KFUE (106.7 FM, "Fuego 106.7") is a commercial radio station licensed to Buckeye, Arizona. It broadcasts a bilingual rhythmic radio format, serving the western portion of the Phoenix metropolitan area (known as the West Valley). The station is owned by Entravision Communications, with studios near Sky Harbor Airport.
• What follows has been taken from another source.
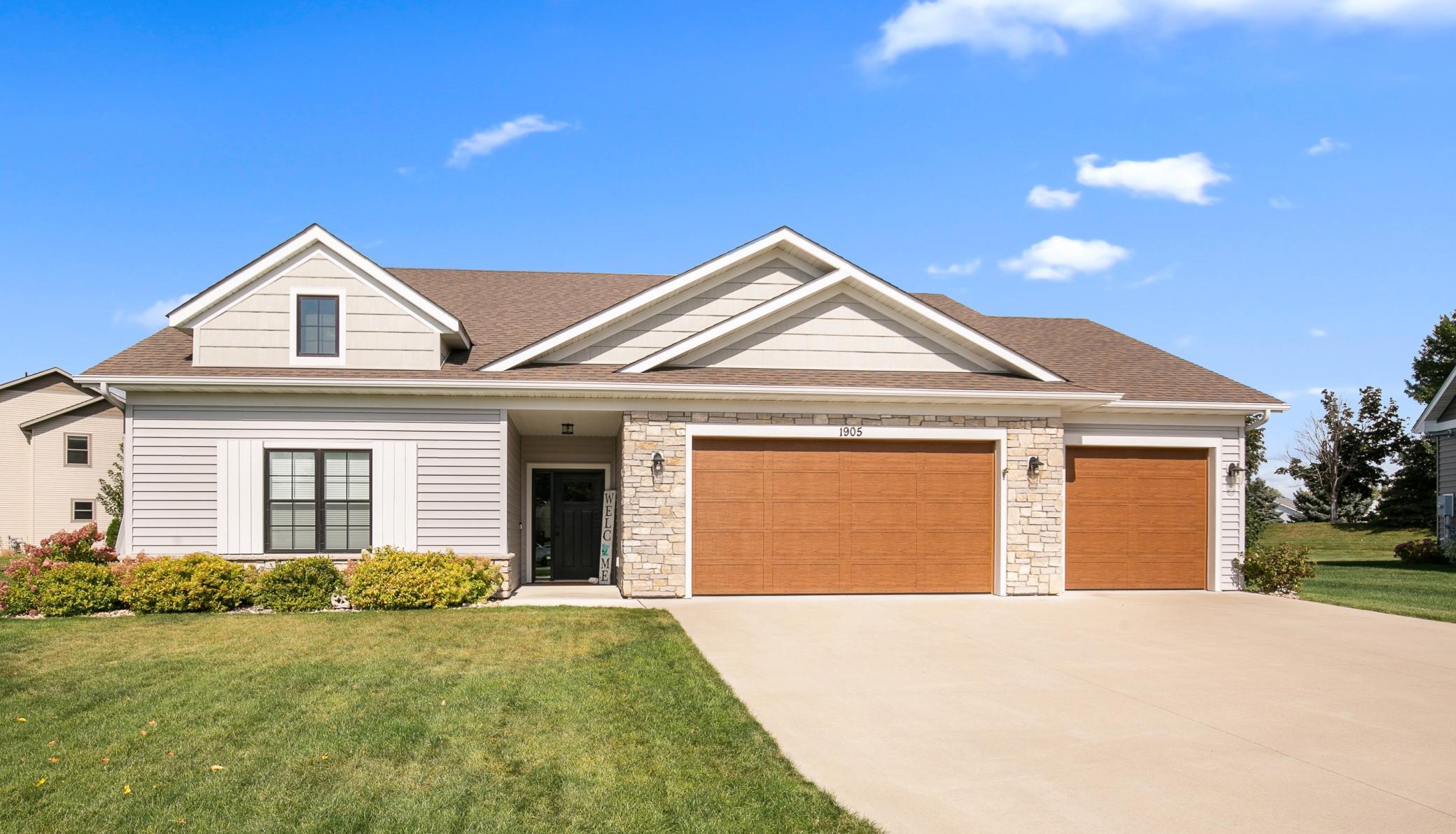 1905 Sandstone Court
KFUE has an effective radiated power (ERP) of 6,000 watts as a Class A station. The transmitter is off Miller Road in Buckeye, north of Interstate 10.

==History==

===Urban AC KMJK===
The station signed on the air in 1992 at 106.9 MHz. The original call sign was KMJK and it aired an urban adult contemporary radio format. KMJK was constructed as a docket 80-90 construction permit to facilitate minority ownership. The original licensee and architect was Arthur Mobley. KMJK was owned and operated by Mobley Broadcasting Incorporated and also had talk, sports and news segments, aimed at Phoenix's African-American community.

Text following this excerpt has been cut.